• _Extracted records_
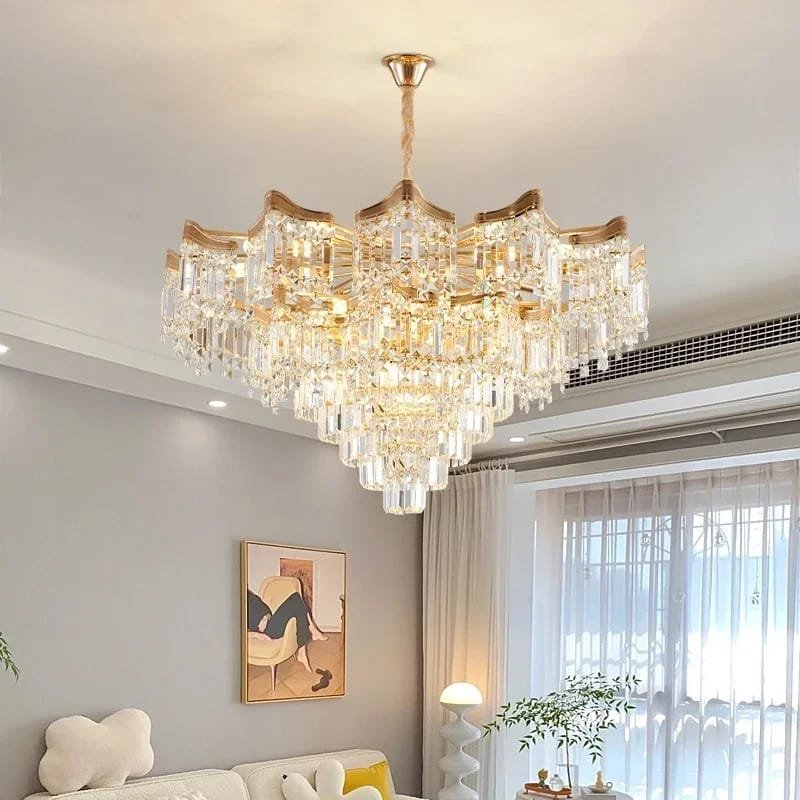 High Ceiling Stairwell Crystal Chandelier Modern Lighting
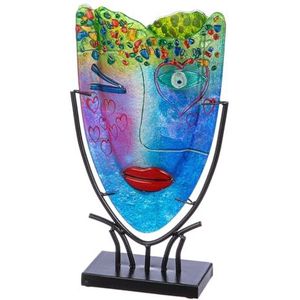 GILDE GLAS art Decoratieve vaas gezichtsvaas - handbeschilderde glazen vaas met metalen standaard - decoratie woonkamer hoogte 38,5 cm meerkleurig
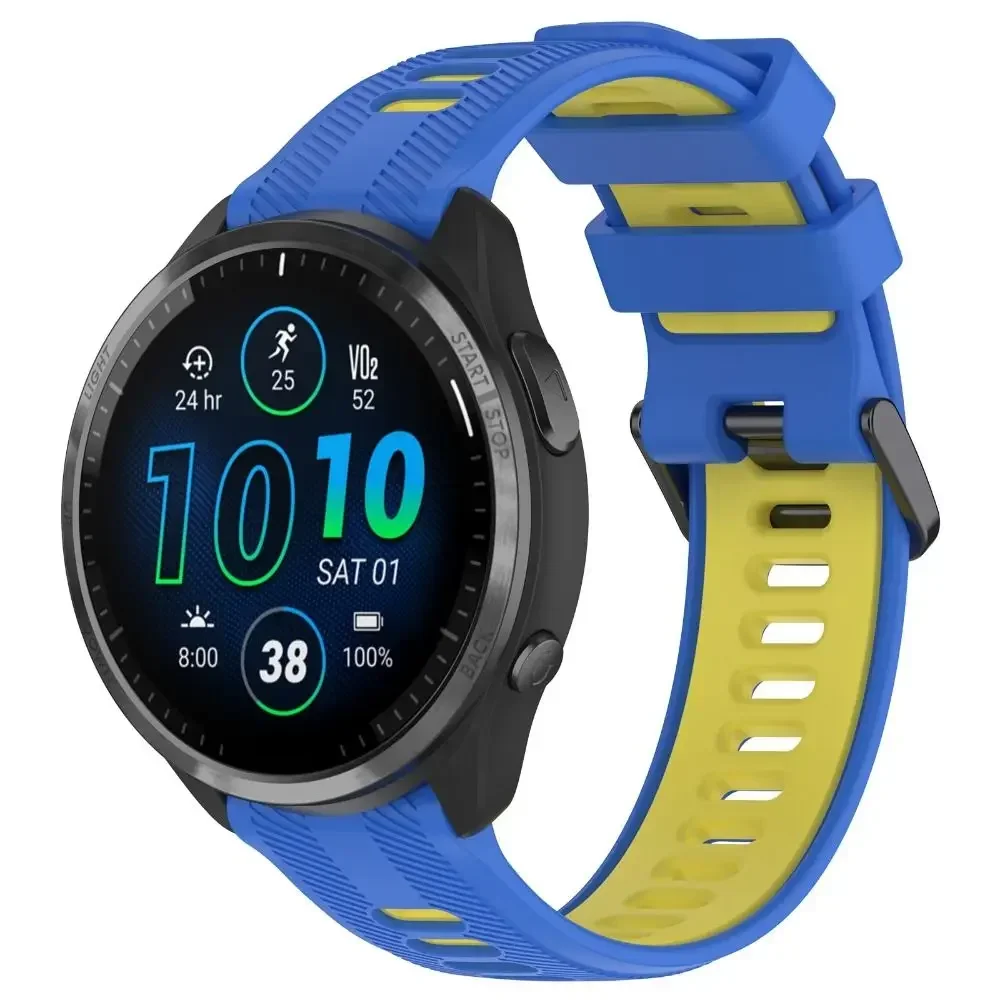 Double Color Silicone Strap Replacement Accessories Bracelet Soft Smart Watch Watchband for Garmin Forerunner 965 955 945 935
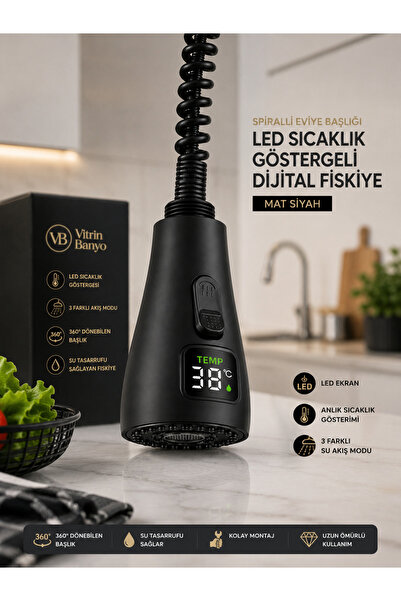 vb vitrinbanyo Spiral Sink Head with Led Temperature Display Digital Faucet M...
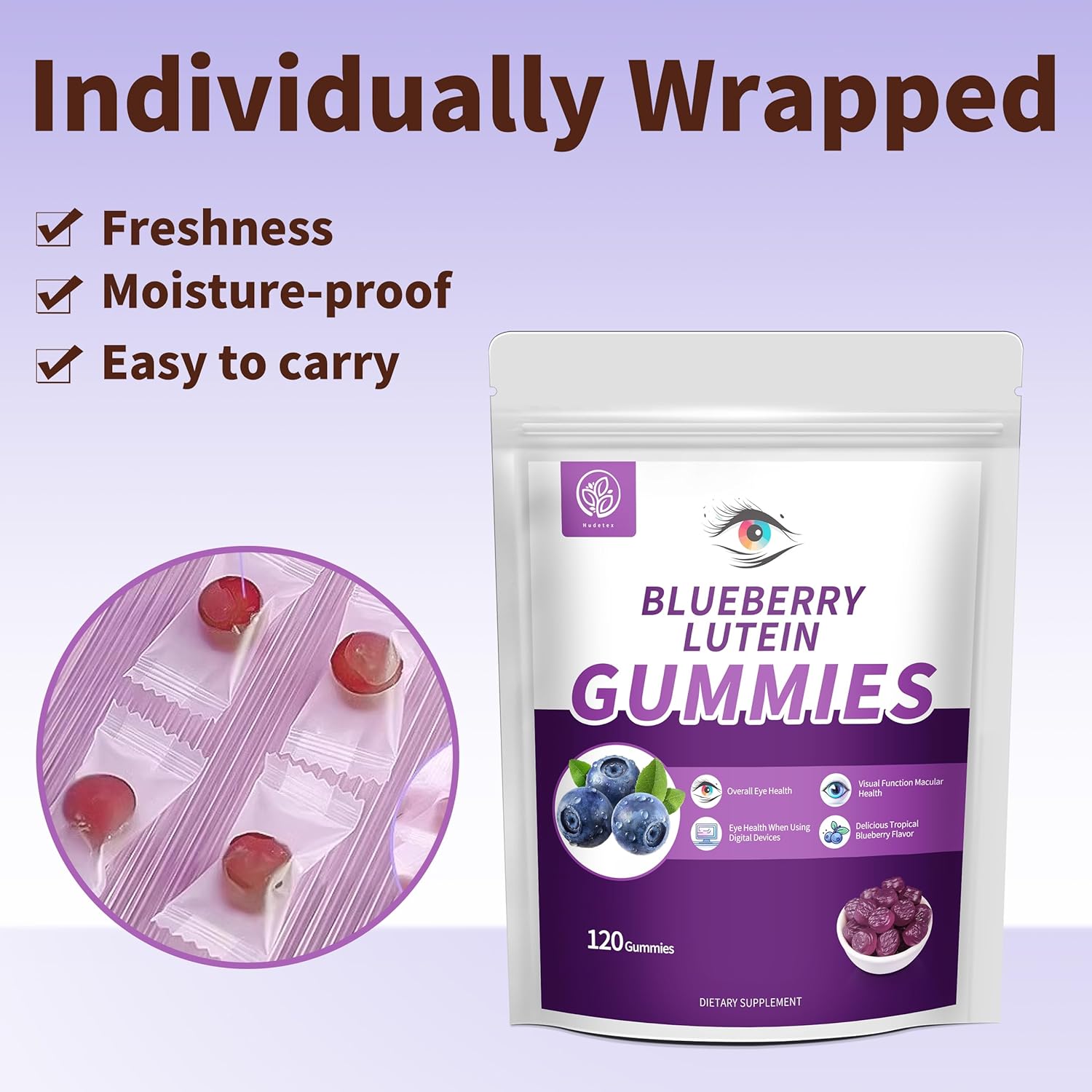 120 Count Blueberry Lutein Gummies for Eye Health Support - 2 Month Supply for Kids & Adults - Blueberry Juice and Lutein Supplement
==
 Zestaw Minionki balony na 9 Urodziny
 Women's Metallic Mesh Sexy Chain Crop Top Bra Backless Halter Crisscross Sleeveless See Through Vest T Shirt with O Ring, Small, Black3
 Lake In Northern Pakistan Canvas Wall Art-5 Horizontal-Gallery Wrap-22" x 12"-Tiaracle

• _What is needed_
Among the entries above, locate the line with "High Ceiling Stairwell" and the line with "Double Color Silicone". Give those two lines and all lines between them again, exactly, leaving out the pictures.

• _Solution_
 High Ceiling Stairwell Crystal Chandelier Modern Lighting
 GILDE GLAS art Decoratieve vaas gezichtsvaas - handbeschilderde glazen vaas met metalen standaard - decoratie woonkamer hoogte 38,5 cm meerkleurig
 Double Color Silicone Strap Replacement Accessories Bracelet Soft Smart Watch Watchband for Garmin Forerunner 965 955 945 935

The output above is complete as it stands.